Festivals and film organizations in Europe are rapidly rallying in support of jailed dissident Iranian helmer Jafar Panahi.
Cannes Film Festival artistic topper Thierry Fremaux was among the first to get an online petition going following Monday’s news that Panahi, 50, has been sentenced to six years in prison by an Iranian court on vague charges of “propaganda against the system,” along with filmmaker and collaborator Mohammad Rasoulof. Panahi has also been banned from making films, writing scripts, traveling abroad or giving interviews for 20 years.
Lawyers for both men said they will appeal.

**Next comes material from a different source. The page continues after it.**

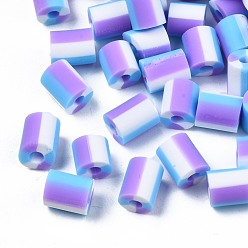 Light Sky Blue Handmade Polymer Clay Beads,  3 Tone, Column, Light Sky Blue, 5x2.5~6.5mm, Hole: 1.8mm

Groups behind the petition, which calls for the sentence to be lifted, include the Cinematheque Francaise, the Forum des Images, Cahiers du Cinema, the Venice Film Festival, the Locarno Film Festival and the Cinematheque Suisse.
“The truth is that Panahi is innocent and his only crime is wishing to continue to freely exercise his profession as a filmmaker in Iran,” the online petition says.
The Federation of European Film Directors, lead by prexy Istvan Szabo, called Iran’s actions a “disgraceful attempt at silencing a fellow film director.”
Berlin Film Festival director Dieter Kosslick, who this month invited Panahi to join the competition jury in February, said, “It is shocking that a renowned director is punished for his artistic work.”
Panahi is widely known outside Iran for his social commentary films, including “The Circle,” winner of the Venice Golden Lion in 2000; “Crimson Gold,” which won Cannes’ Un Certain Regard in 2003; and 2006’s “Offside.”
He was arrested in March at his home on unspecified charges. Panahi was later accused of making an anti-regime film about the aftermath of Iran’s disputed re-election of President Mahmoud Ahmadinejad in 2009. He was released on bail in May after Cannes drew attention to Panahi’s plight, who was on hunger strike, by inviting him to sit on its jury.
At the time industryites including Robert Redford, Steven Spielberg, Michael Moore and Oliver Stone expressed outrage over Panahi’s arrest.
“It’s important that he knows we’re here,” Fremaux told AFP Monday. “What has happened shows that we had reason to take the threats against him seriously from their outset.”